This increases the safety of the engine operation during the
execution of the delay control.
[0143] The fourth embodiment described above provides the following
advantages.
[0144] (1) The fuel pump 81 is stopped at the time when the driver
makes an engine stop request. Therefore, even if the continuation
of the engine operation according to the delay control is ended,
that is, even if there is an abnormality in the delay control, the
engine operation is reliably stopped. This increases the safety of
the engine operation.
[0145] The above embodiments may be modified as follows.
[0146] In the first embodiment, setting of the opening degree of
the throttle valve 38 in accordance with the accelerator pedal
depression degree ACCP is inhibited during the execution of the
delay control, so that the throttle opening degree set during the
execution of the delay control is less than the throttle opening
degree during the non-execution of the delay control.
Alternatively, step S220 of FIG. 6 may be replaced by step S600 of
FIG. 13, so that the throttle opening degree setting process is
executed. That is, if it is determined that the delay control is
being executed (YES at S200), the target throttle opening degree
TAp may be set according to the following expression (3).
TAp.rarw.(Accelerator pedal depression degree
ACCP.times.Suppression coefficient)+ISC opening degree TAi (3)

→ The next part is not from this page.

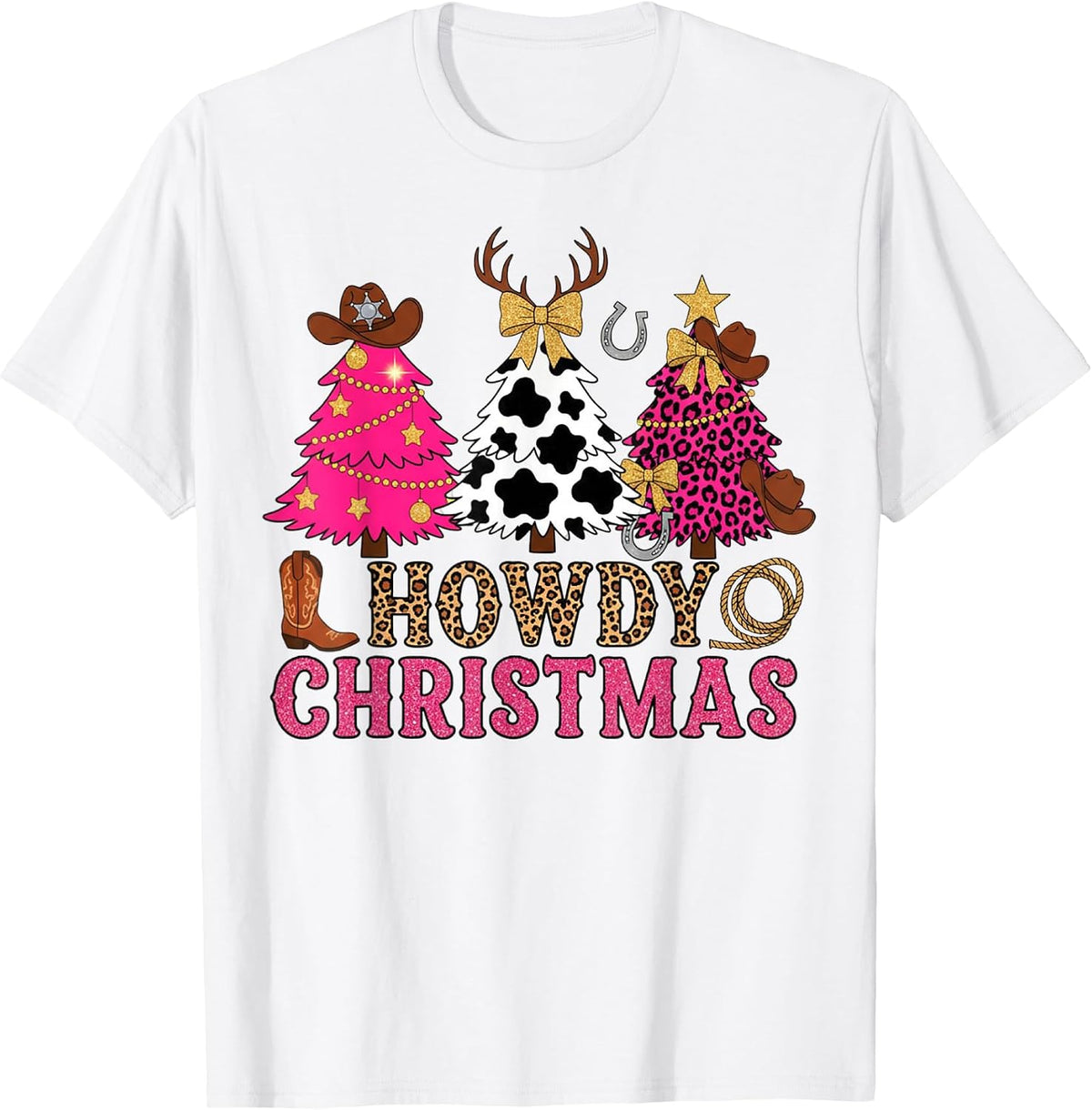 Howdy Christmas Tree Cowboy Hat Funny Western Cowgirl Xmas T-Shirt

[0147] The suppression coefficient is determined in advance to be a
value equal to or greater than zero and less than one. Therefore,
the target throttle opening degree TAp, which is set according to
the expression (3), that is, the target throttle opening degree TAp
set during the execution of the delay control, is less than the
target throttle opening degree TAp that is set during the
non-execution of the delay control.
[0148] According to this modification, during the execution of the
delay control, the throttle valve opening degree set according to
the accelerator pedal depression degree ACCP is less than that
during the non-execution of the delay control, that is, that during
the normal operating state. Therefore, during the execution of the
delay control, accidental depression of the accelerator pedal by
the driver increases the throttle valve opening degree by an amount
less than that in the normal operating state. In this case, during
the execution of the delay control, if the engine power and the
engine speed are not increased by accidental depression of the
accelerator pedal by the driver. This increases the safety of the
engine operation during the execution of the delay control.
[0149] In the first embodiment, the throttle opening degree set
according to the accelerator pedal depression degree ACCP is set
relatively small during the execution of the delay control. This
configuration may be changed as long as an engine control amount
that is set according to the manipulation of the engine 1 performed
by the driver is set less during the execution of the delay control
than during the non-execution of the delay control. In this case,
the engine control amount set according to engine manipulation
performed by the driver is set less during the execution of the
delay control compared to the period of non-execution of the delay
control. In other words, the engine control amount is less during
the execution of the delay control than during the normal engine
operation. Therefore, during the execution of the delay control,
the problem that the engine operating state is significantly
changed by an accidental manipulation of the driver even if the
driver has made an engine stop request is prevented. This increases
the safety of the engine operation during the execution of the
delay control. When the throttle opening degree is adjusted
according to the accelerator pedal depression degree, the intake
air amount is also changed. Accordingly, the fuel injection amount
is changed. That is, the fuel injection amount is set indirectly
according to the accelerator pedal depression degree. In the case
of a direct injection engine, the fuel injection amount is set
directly based on the accelerator pedal depression degree in some
cases. Therefore, engine operation amounts set according to
manipulation of the engine 1 include the fuel injection amount.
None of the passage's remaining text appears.